No law shall extend the term of any public officer nor diminish his salary or emoluments after his election or appointment.

DEL. CONST. art. XV, § 4.

[6] See discussion of this statute on pages 8 and 9 of this opinion.
[7] Holdovers of elected officials after reapportionment have been upheld in California (Visnich v. Sacramento County Board of Education, 112 Cal.Rptr. 469 (Cal.App. 1974); Griswold v. County of San Diego, 107 Cal.Rptr. 845 (Cal.App. 1973); Legislature of State of California v. Reinecke, 110 Cal.Rptr. 718 (Cal. 1973)), in Delaware (Twilley v. Stabler, 290 A.2d 636 (Del. 1972)), in Indiana (Stout v. Bottorff, 249 F. Supp. 488 (D. Ind. 1965)), in Michigan (New Democratic Coalition v. Austin, 200 N.W.2d 749
(Mich.App. 1972)), in Nebraska (Barnett v. Boyle, 250 N.W.2d 635
(Neb. 1977)), in Oregon (McCall v. Legislative Assembly, 634 P.2d 223 (Or. 1981), superceded by constitutional amendment (1986)), and in Texas (Carr v. Brazoria County, Texas, 341 F. Supp. 155
(S.D. Tex. 1972), aff’d mem., 468 F.2d 950 (5th Cir. 1972) Robinson v. Zapata County, Texas, 350 F. Supp. 1193 (S.D. Tex. 1972); Pate v. El Paso County, Texas, 337 F. Supp. 95 (W.D. Tex. 1970), aff’d mem., 400 U.S. 806 (1970); and Childress County v. Sachse, 310 S.W.2d 414 (Tex.Civ.App. 1958)).
[8] Other Attorneys General have opined in similar circumstances. The Attorney General of Montana addressed the flexibility of the Legislature to address reapportionment transitions in 40 Mont. Op. Att’y Gen. No. 1:

The majority of courts have held that where the term of an elected official runs beyond the reapportionment year, the official may be held over for the duration of the term for which he or she was elected without resulting in a violation of the notions of equal protection and representative government.

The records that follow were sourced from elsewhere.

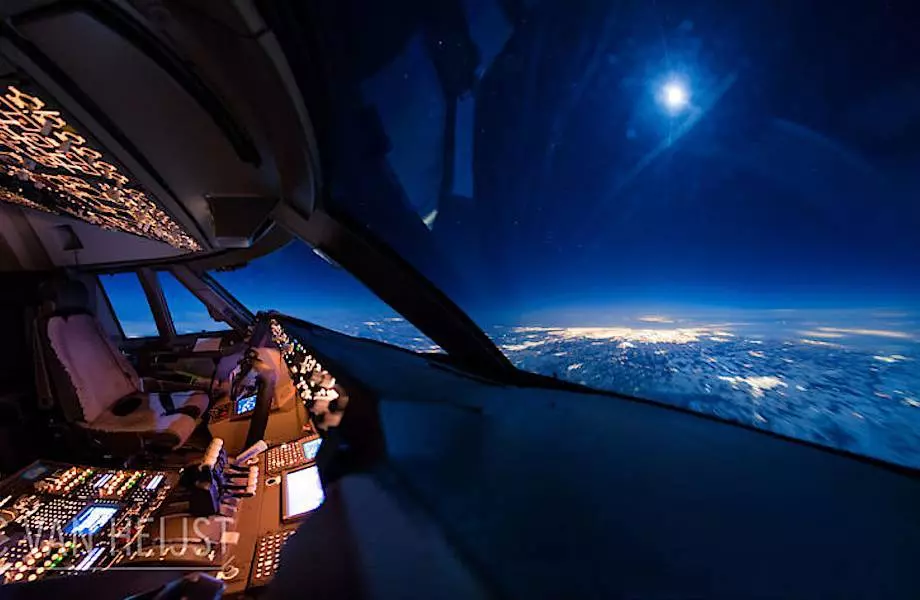 Вид из самолета: из кабины пилота, из окна - фото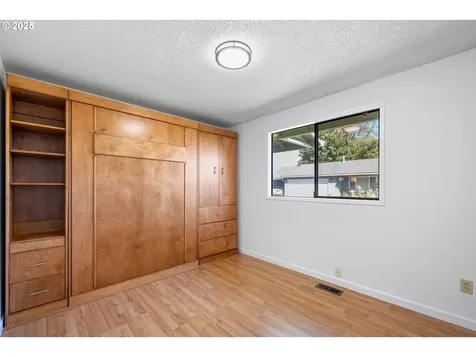 686 SE 43rd Avenue Hillsboro OR 97123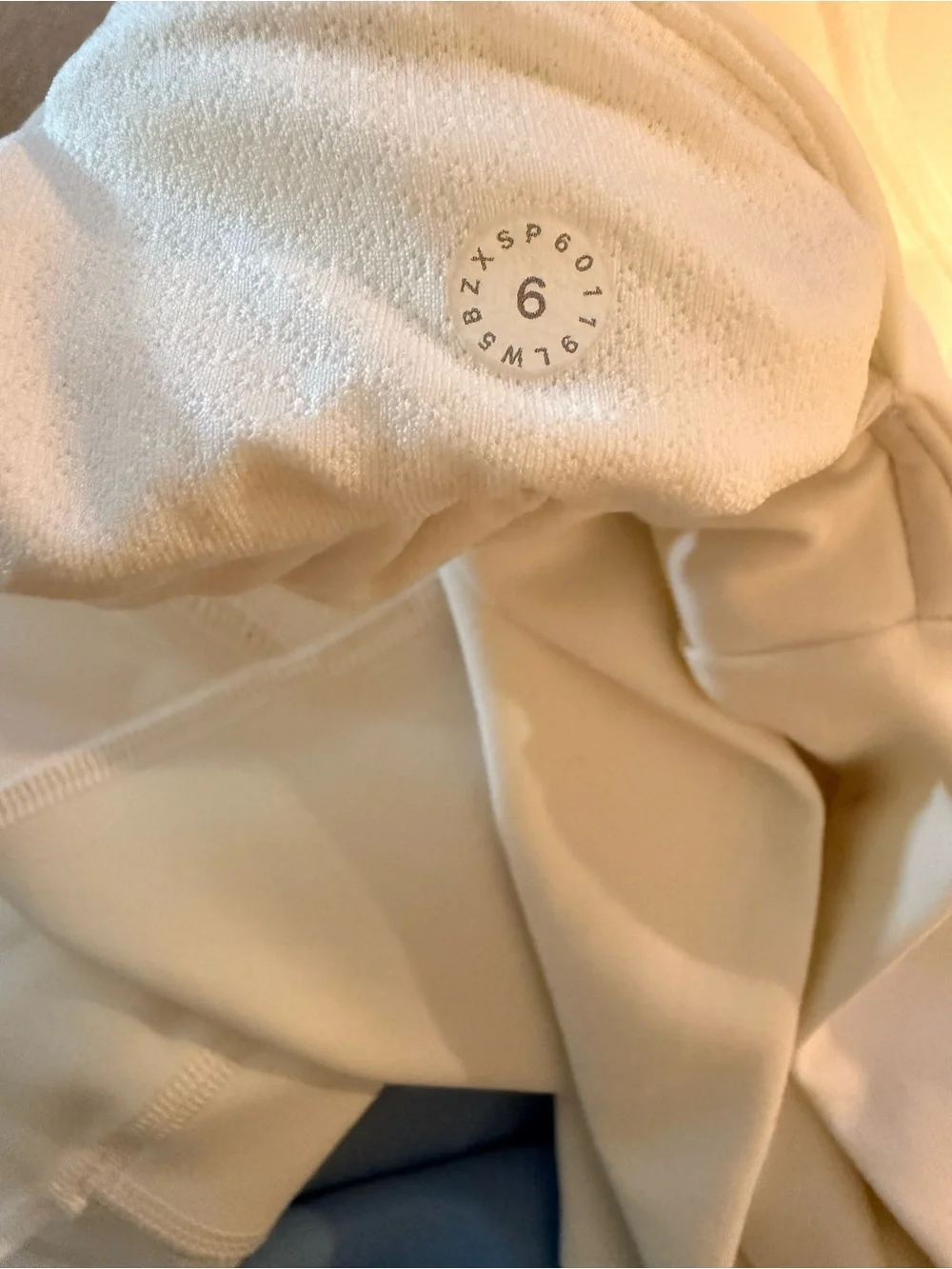Lululemon Forget The Sweat Tight 25 White Mesh Leggings Size 6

The Attorney General of Maine upheld the constitutionality of delayed implementation of a reapportionment plan permitting elected officials to complete their four-year terms of office in Me. Op. Att’y Gen. No. 84-11. This opinion declares that federal law does not:

require a State to [take] a validly elected official out of office prior to the expiration of his term, in order to give the residents of the revised district the opportunity to elect someone else immediately after a reapportionment.

Id., at 1 (citing Twilley v. Stabler, 290 A.2d 636, 638 (Del. 1972)). Finally, in Ky. Op. Att’y Gen. No., the Kentucky Attorney General upheld the term in office of magistrates affected by new district lines. The opinion says, “The impact of reapportionment cannot reduce the term of the at-large member of the Board of Education.”